And BHA? Here's a question for you: What food additive does the Food and Drug  Administration deem "generally recognized as safe," while the National  Institutes of Health, says it's "reasonably anticipated to be a human  carcinogen?"

You got it - BHA.


----------



## Ameriscot (Nov 3, 2014)

I never eat at McD's or any of those fast food restaurants.  That stuff isn't even food.


----------



## RadishRose (Nov 3, 2014)

I thought Wendy's was better/healthier. Any feedback on Wendy's ?


----------



## SifuPhil (Nov 3, 2014)

RadishRose said:


> I thought Wendy's was better/healthier.

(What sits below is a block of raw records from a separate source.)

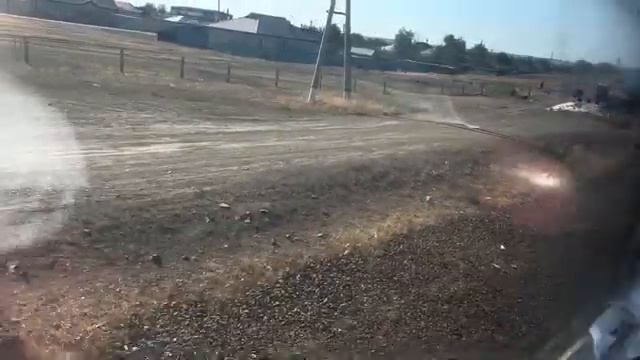 Түркістаннан Астанаға пойызбен сапар 16.06.2025 смотреть онлайн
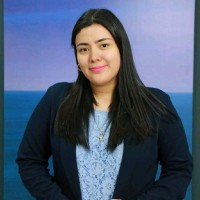 Alejandra Barrios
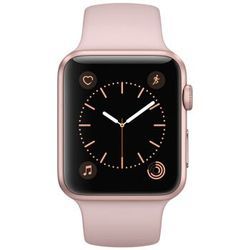 Apple Watch Series 1 ֱMQ112CH/A2288Ԫ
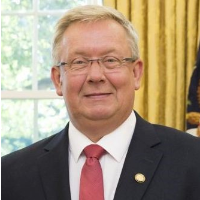 Estonia’s Ambassador to the United States: Who Is Lauri Lepik?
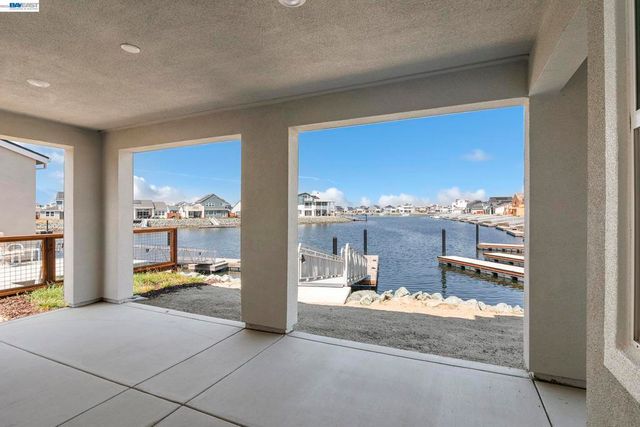 16 Grey Whale Place, Bethel Island, CA 94511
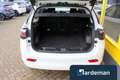 Jeep Compass 4xe 240 Plug-in Hybrid Electric S Leder Wit - thumbnail 9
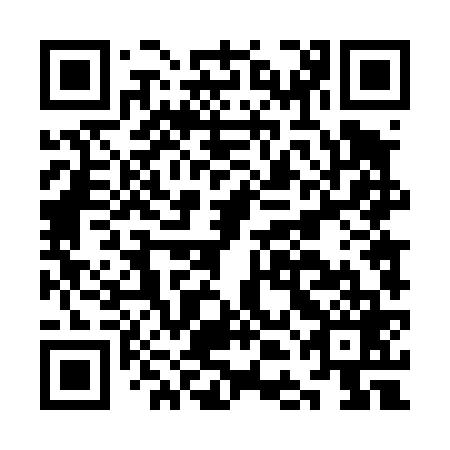 QR code for KDD 469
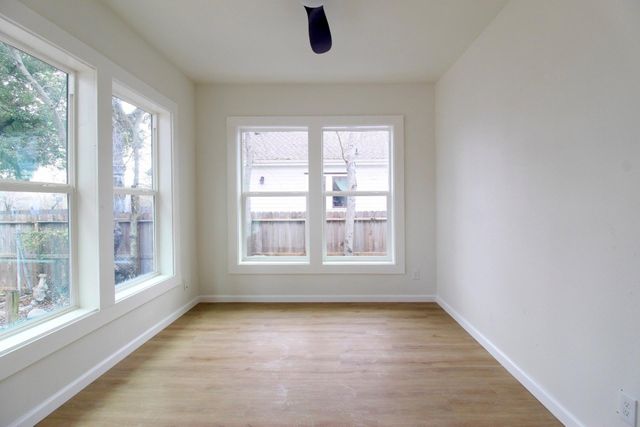 1618 Weber Street, Houston, TX 77007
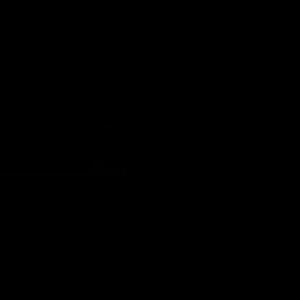 Ninnou59's media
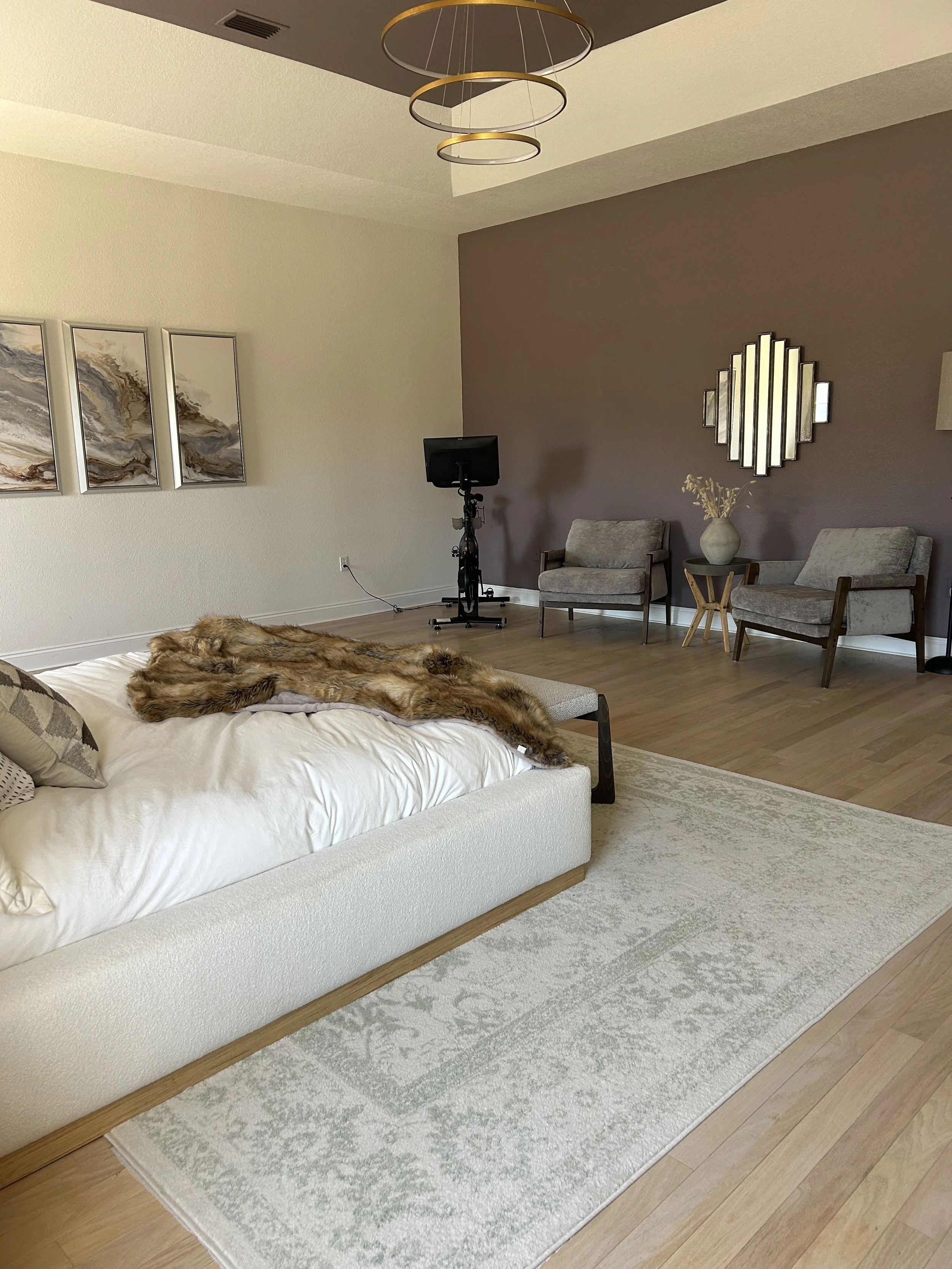 SU1HXzU5ODQuanBlZzppbWFnZS9qcGVnOjMyNTY3OT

Any feedback on Wendy's ?



The last time I ate at a Wendy's (roughly 15 years ago) I found a bloody Band-Aid in my cup of chili ...


----------



## Warrigal (Nov 3, 2014)

I prefer food that actually requires you to have teeth to chew it with.


----------



## QuickSilver (Nov 4, 2014)

The only thing I eat at McDonalds is the occasional Egg White Delight mcMuffin.


----------



## Don M. (Nov 4, 2014)

QuickSilver said:


> The only thing I eat at McDonalds is the occasional Egg White Delight mcMuffin.



We do stop at a McDonalds when out for the day....for a cup of their coffee.  IMO, they have some of the best coffee around, and for 49 cents for a Senior coffee, you can't beat it.  I've had some of that overpriced brew at Starbucks, and it doesn't beat the McD coffee.  There is nothing wrong with a quick meal at one of these fast food joints...once in awhile....but far too many people seem to make these places their primary dining spot.


----------



## ClassicRockr (Nov 4, 2014)

Love the Big Mac, Quarter Pounder w/Cheese and Fillet Fish. My wife likes their pancakes and I like their Breakfast Sausage Burrito's. And, their Hot Fudge Sundae..........YUM!! To us, a Bud Light is a healthy drink!


----------



## rkunsaw (Nov 4, 2014)

I almost never eat at fast food places and McDonalds is the last place I would go.


----------



## SifuPhil (Nov 4, 2014)

The last time I ate at McDonald's was when I was taking my boys out about 15 years ago, and that was mainly for my youngest - he mainly wanted the toy that came with the Happy Meal.

I no longer eat at McD's, BK, Wendy's, Arbys or any other fast-food joint. I've seen too many videos of how they do things and heard too many horror stories, and their nutritional records are dismal.


----------



## Falcon (Nov 4, 2014)

I occasionally eat at many of those places.   I just don't read about them.  Still alive and kicking.


----------



## SifuPhil (Nov 4, 2014)

Falcon said:


> I occasionally eat at many of those places.   I just don't read about them.  Still alive and kicking.



Maybe that's my problem - I read too much ...


----------



## JustBonee (Nov 6, 2014)




----------